Assigned task -> Would you please repeat exactly the entries below, starting at the line with "<b>LIKE</b> = Votează" and ending at the line with "3211 Parrott Avenue, Waco, TX", and nothing outside that range? Leave out the pictures.
START Data for this task
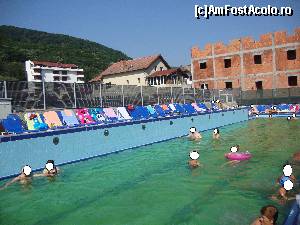 [P11] 1. Ștrandul Cozia AquaPark - altă piscină neacoperită. Adâncimea maximă era de 1,40 metri, iar apa era caldă, caldă. Aproape că nu ne mai venea să ieșim afară! » foto by Floryn81
 - 
<span class="allrVoted glyphicon glyphicon-heart hidden" id="av680468"></span>
<a class="m-l-10 hidden" id="sv680468" onclick="voting_Foto_DelVot(,680468,4859)" role="button">șterge vot <span class="glyphicon glyphicon-remove"></span></a>
<a id="v9680468" class=" c-red"  onclick="voting_Foto_SetVot(680468)" role="button"><span class="glyphicon glyphicon-heart-empty"></span> <b>LIKE</b> = Votează poza</a> <img class="hidden"  id="f680468W9" src="/imagini/loader.gif" border="0" /><span class="AjErrMes hidden" id="e680468ErM"></span>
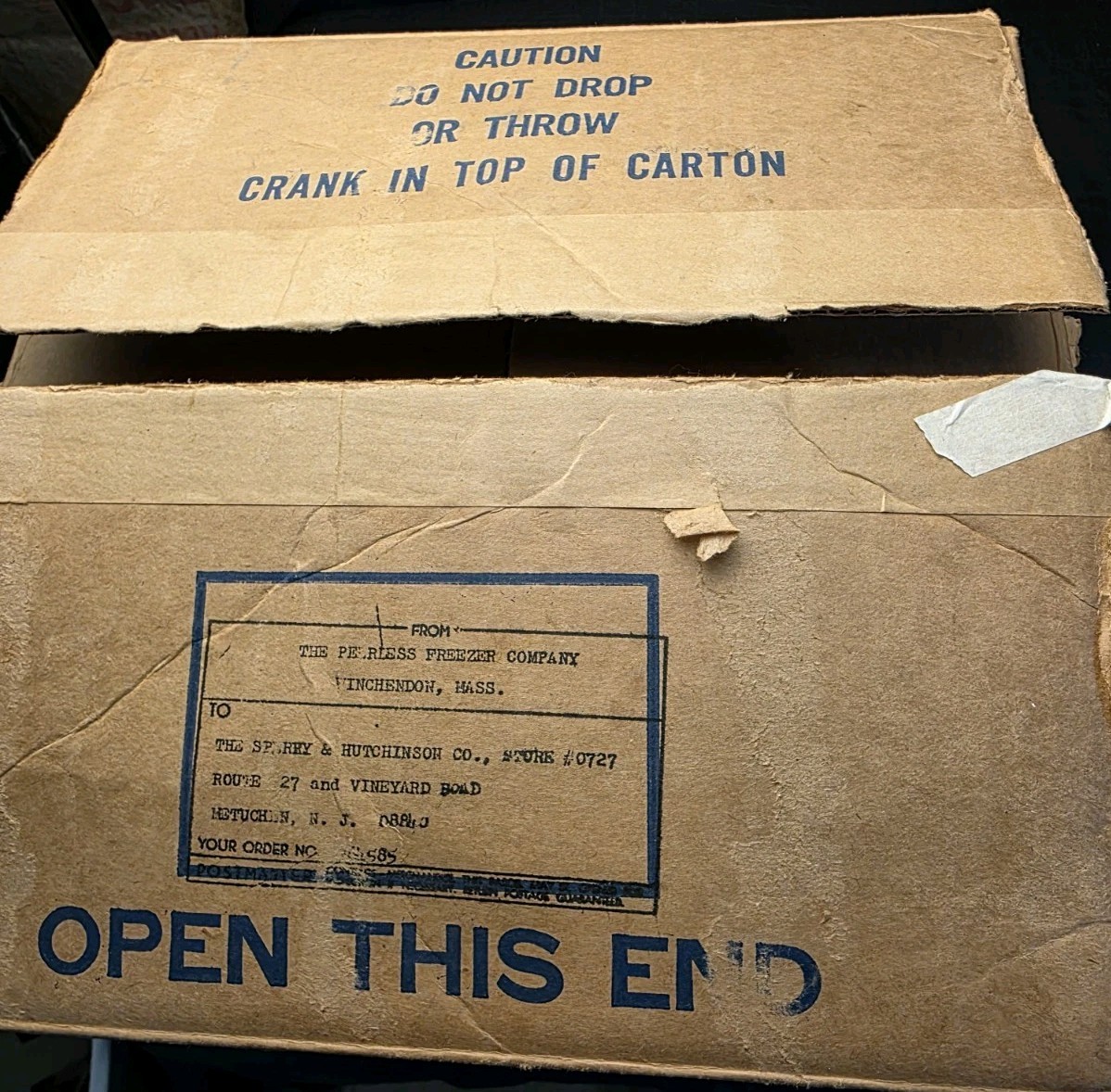 Vintage Hostess Ice Cream Freezer 4 Quart Hand Crank Ice Cream Maker Peerless 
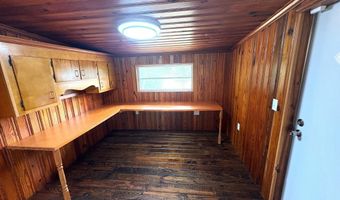 493 Mcduff Dr, Alford, FL 32420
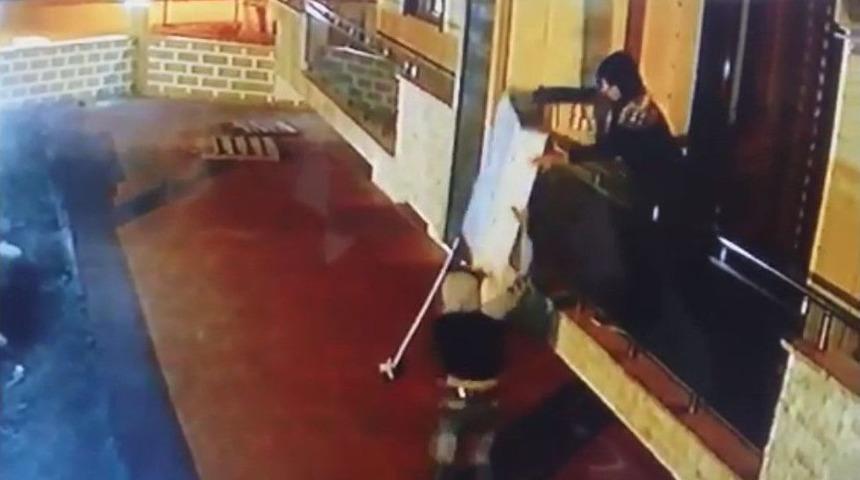 Pişkin Hırsızların Rahat Tavırları Kameraya Yansıdı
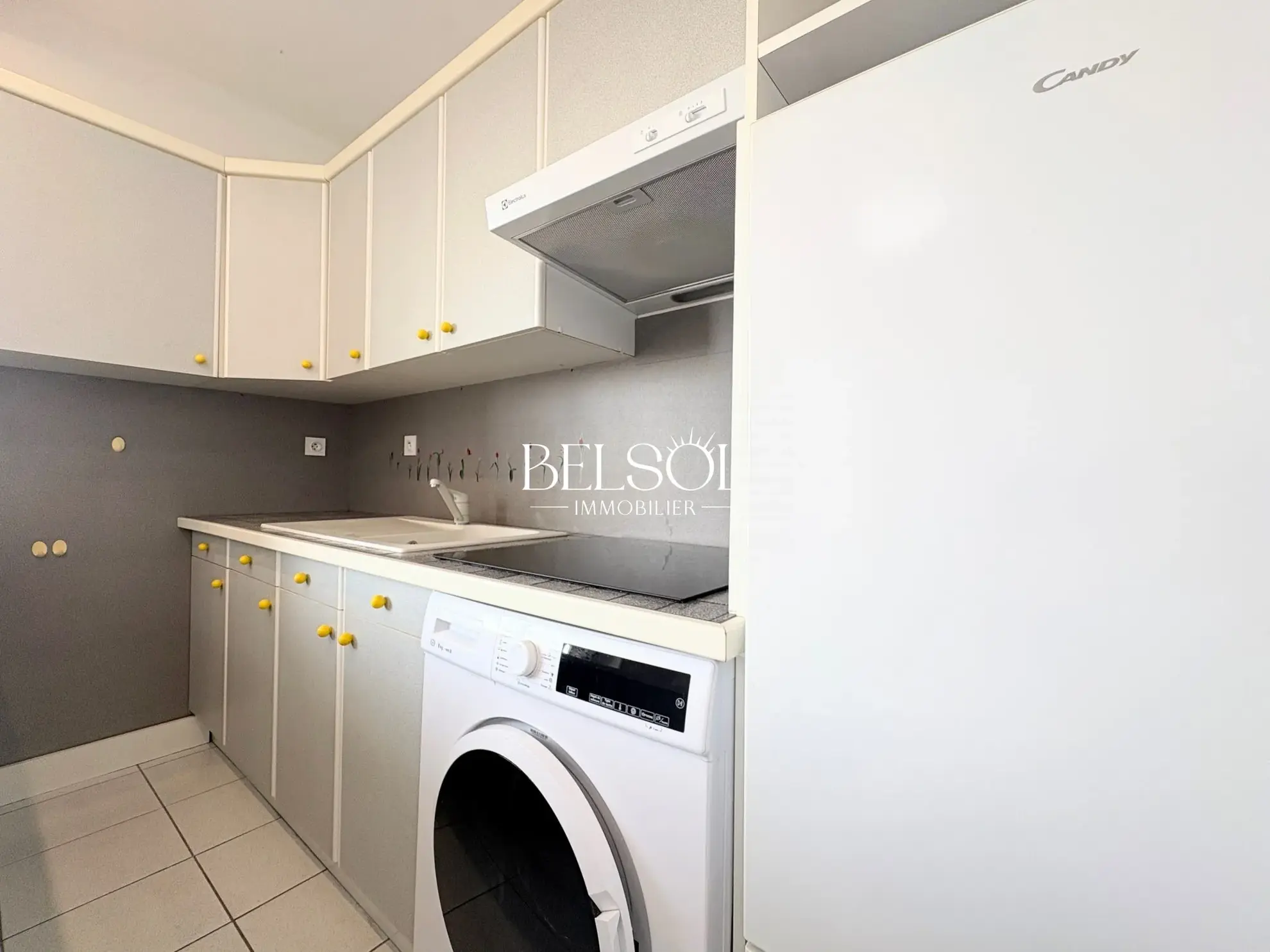 Studio rénové avec terrasse et vue mer à Saint-Cyprien 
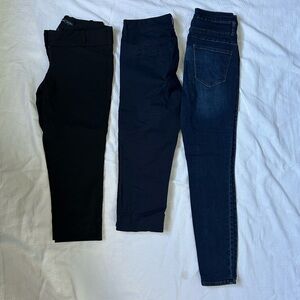 Lot of 3 Women’s Size 2 Pants Jeans Refuge The Limited Old Navy Crop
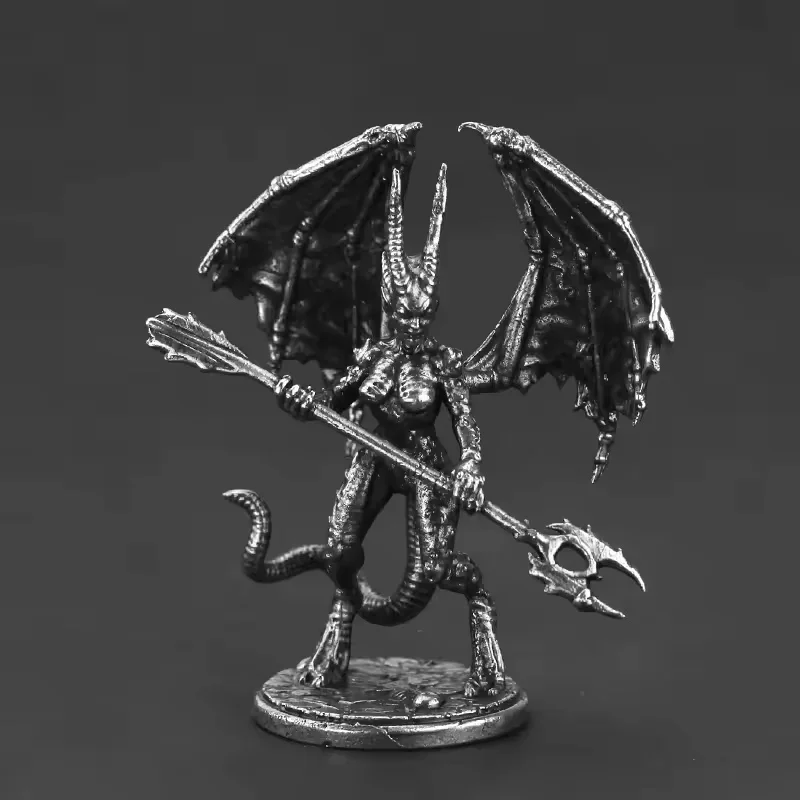 金属製の工芸品、地獄の悪魔兵士、ヴィンテージ風、ダークなスタ - Vintage Collectible Board Games のレビューと価格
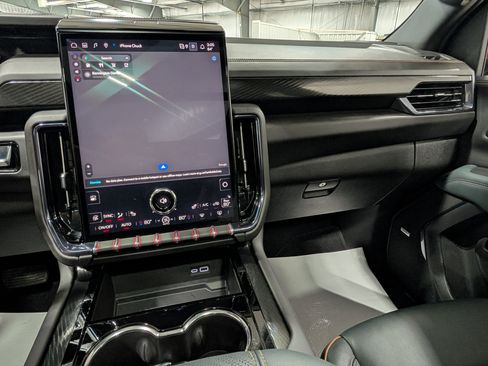 Used 2025 GMC Yukon XL AT4 w/ AT4 Premium Package image 27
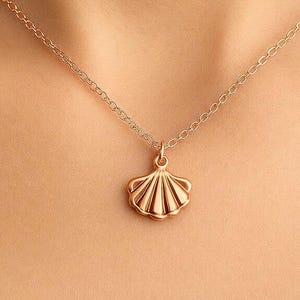 Rose Gold Sea Shell Pendant Charm Layered Necklace Minimalist Handmade Jewelry for Women Men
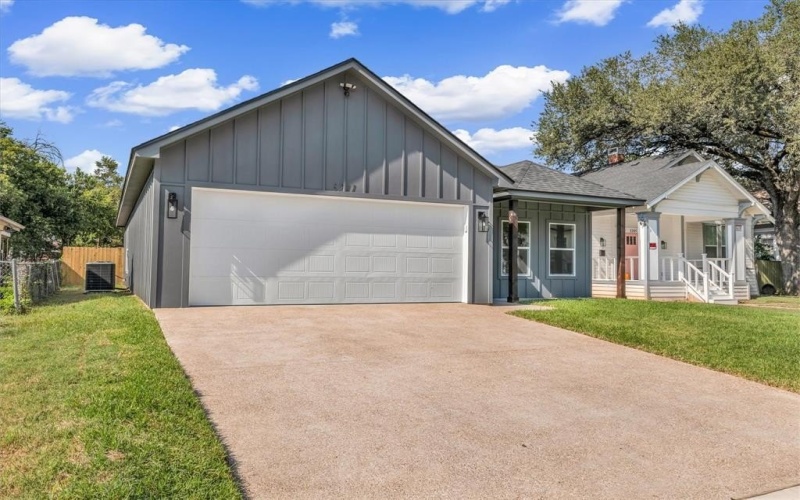 3211 Parrott Avenue, Waco, TX 76707, 3 Bedrooms Bedrooms, ,2 BathroomsBathrooms,Residential,For Sale,3211 Parrott Avenue,0,21077530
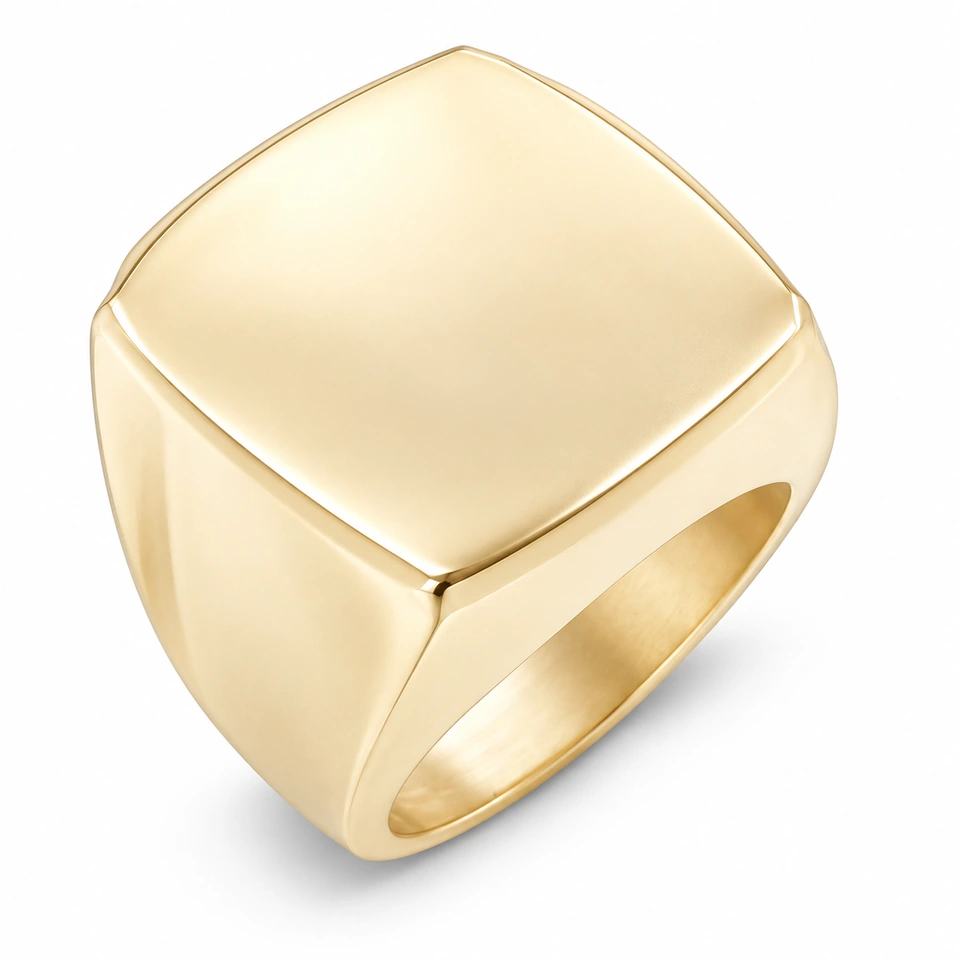 Anillo CMS-AN-1001 de apariencia dorada, cabeza cuadrada de metal liso, sin piedras, sobre fondo blanco.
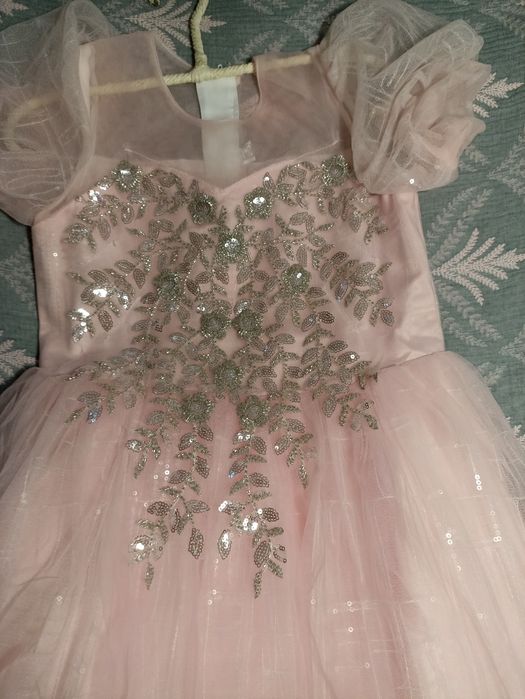 Sukienka dla dziewczynki 140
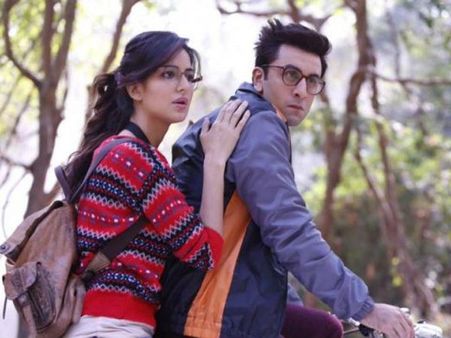 ఓ వైపు సినిమా ప్లాపు, కోతి అంటూ విమర్శలు... దర్శకుడి స్పందన!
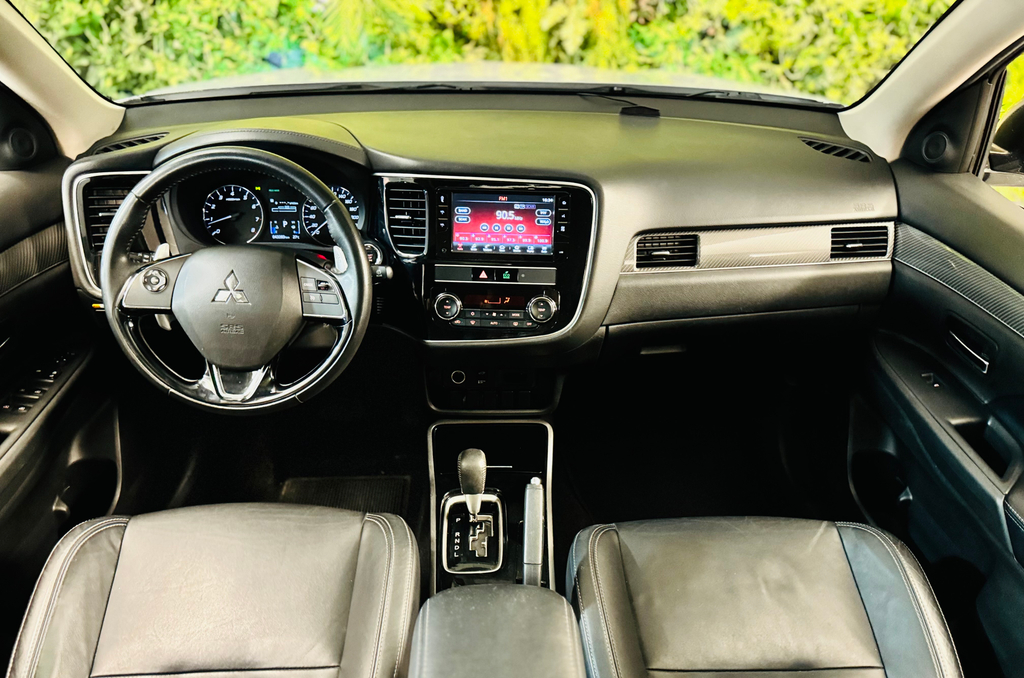 Mitsubishi Outlander Branco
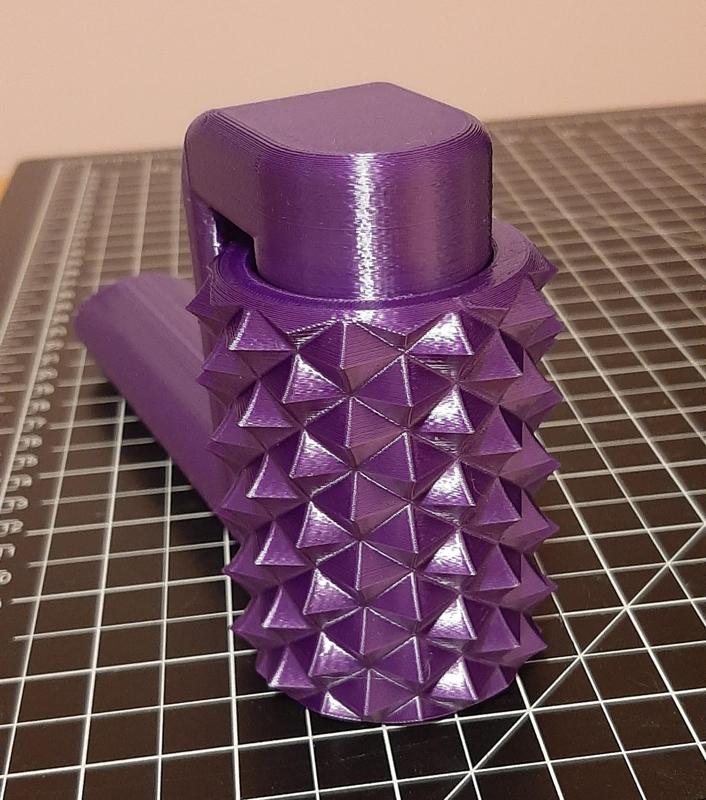 Roller Scratcher with Handle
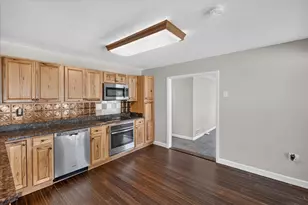 7866 Miami Ave, Monroe, MI 48161 - Photo 6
END Data for this task
Solution to this task ->
<a id="v9680468" class=" c-red"  onclick="voting_Foto_SetVot(680468)" role="button"><span class="glyphicon glyphicon-heart-empty"></span> <b>LIKE</b> = Votează poza</a> <img class="hidden"  id="f680468W9" src="/imagini/loader.gif" border="0" /><span class="AjErrMes hidden" id="e680468ErM"></span>
 Vintage Hostess Ice Cream Freezer 4 Quart Hand Crank Ice Cream Maker Peerless 
 493 Mcduff Dr, Alford, FL 32420
 Pişkin Hırsızların Rahat Tavırları Kameraya Yansıdı
 Studio rénové avec terrasse et vue mer à Saint-Cyprien 
 Lot of 3 Women’s Size 2 Pants Jeans Refuge The Limited Old Navy Crop
 金属製の工芸品、地獄の悪魔兵士、ヴィンテージ風、ダークなスタ - Vintage Collectible Board Games のレビューと価格
 Used 2025 GMC Yukon XL AT4 w/ AT4 Premium Package image 27
 Rose Gold Sea Shell Pendant Charm Layered Necklace Minimalist Handmade Jewelry for Women Men
 3211 Parrott Avenue, Waco, TX 76707, 3 Bedrooms Bedrooms, ,2 BathroomsBathrooms,Residential,For Sale,3211 Parrott Avenue,0,21077530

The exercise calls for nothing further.